Truncation level vs. number of subpaths

A common technique when creating path signature features is to extract multiple subpaths, compute truncated signatures, or log signatures, over each of them, and stack the results to form a feature vector. This is also done implicitly by several works which use make use of deep learning architectures which use truncated log signatures over subintervals, like Logsig-RNN, Neural Rough Differential Equations, and Log Neural Controlled Differential Equations.

But why take subpaths in the first place? One reason is that, remembering that in practice signatures must be truncated, and therefore contain only a finite amount of information about the path, taking signatures over $m$ subpaths allows more information to be captured while only increasing the feature size linearly, by a factor of $m$ . In contrast, the feature size grows exponentially if we attempt to capture more information by increasing the truncation level. Depending on the dataset, there may be additional reasons to favour features which are localised in time.

The simplest approach to constructing subpaths is to pick a partition $\mathcal{D} = (t_0, \ldots, t_m)$ of the time domain, and take the collection of level $N$ -truncated signatures over each of the $m$ subintervals $[t_i, t_{i+1}]$ . Another approach, illustrated below, is to split the time domain in a hierarchical dyadic manner, and compute truncated signatures over every interval (not just those on the lowest level)¹². Ordinary vs hierarchical partition

Let’s consider this setup of using (log) signatures over subpaths as a feature transform, and suppose we want to find a feature set that has minimal dimension while also being sufficiently descriptive. Then, a trade-off between truncation level and path segmentation arises. Increasing either the truncation level of the signatures, or the number of subpaths will make the features more descriptive, but also larger. Having low-dimensional features may be important in “small data” problems, to avoid overfitting, or perhaps we are interested in efficient ways to compress paths just out of mathematical curiosity.

My dissertation explored this trade-off, as well how best to choose the subpaths — previous practical works typically take subpaths by splitting the time domain into equal chunks, but in my opinion the theory suggests that splitting into equal length subpaths is more natural. In experiments I have observed this is sometimes beneficial.

In practice, there is not a principled way to make the choice of truncation level and the family of subpaths. Focussing on the truncation level, the universal nonlinearity result says that by setting it sufficiently high we can approximate any continuous function on paths arbitrarily well by a linear function composed with the truncated signature. However, this tells us nothing about how high $N$ needs to be in practice to get decent results — just like universal approximation results for neural networks typically don’t tell you how wide or deep your network needs to be for any specific task.

My dissertation considers two ways of measuring how descriptive the features are: the first via error bounds for approximating a certain class of functions, and the second by training some simple models and measuring the generalisation error.
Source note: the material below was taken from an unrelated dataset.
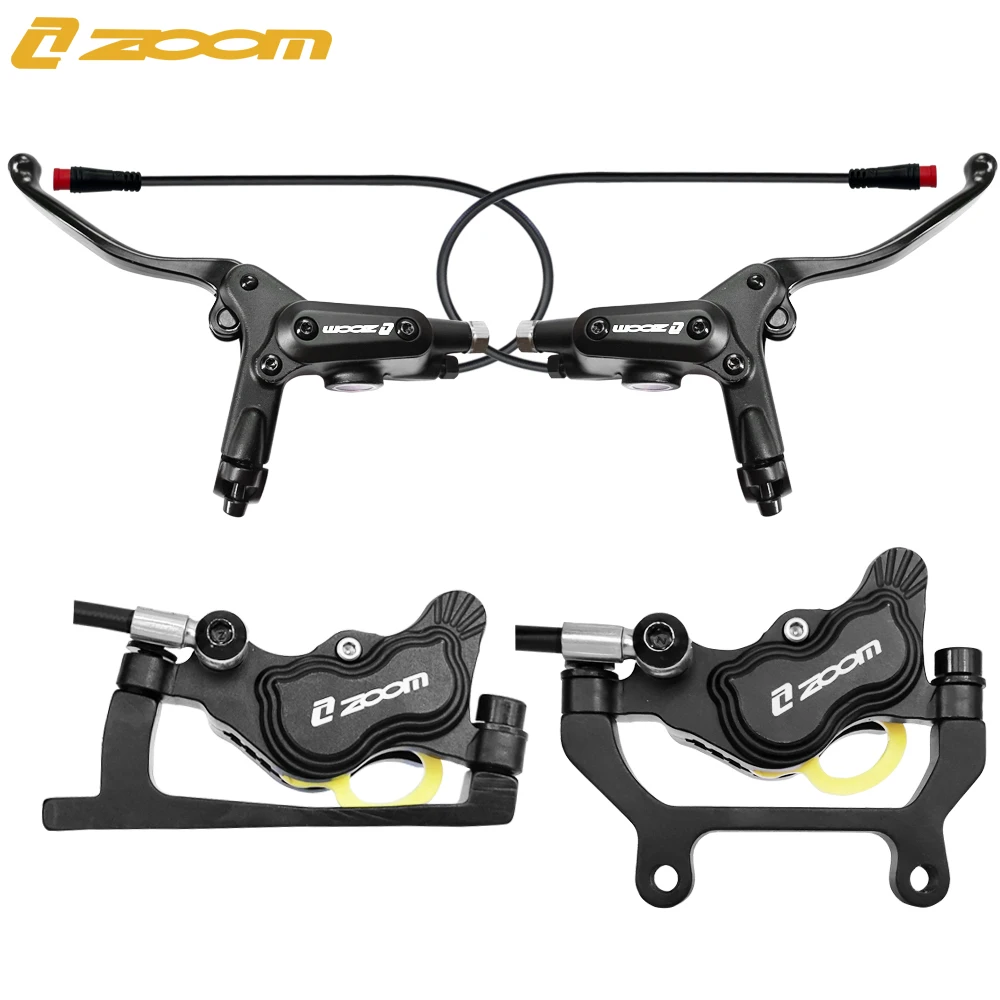 Zoom 4-Kolben Elektro fahrrad hydraulische Scheiben bremse E-Bike 2-polige Mountainbike Power-Off-Bremse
Error bounds for solutions to controlled differential equations

On the more theoretical side, I considered a class of functions which map paths to the time- $T$ solution of a linear controlled differential equation driven by the path. For a fixed linear CDE, with the vector field and the driving path specified, there is a natural way to approximate the time- $T$ solution if we are given the signatures up to level $N$ over a number of subintervals, using an Euler-like numerical scheme.

An error bound for this approximation scheme can be computed. For a given feature set, this tells us an upper bound on how well an arbitrary function in the set of functions defined by linear CDEs (with bounds on the norm of the vector field, and also on the length of the input paths) can be approximated by some function of the feature set.

The following figures plot these upper bounds against the size of the feature set (assuminng that log signatures are used). $d$ is the number of dimensions of the space in which the paths lie. $rL$ is the product of $r$ , the bound on the norm of the vector fields, and $L$ , the bound on the length of paths. For each truncation level $N$ , the number of subintervals $m$ increases in steps of $1$ up to a maximum determined by computational constraints.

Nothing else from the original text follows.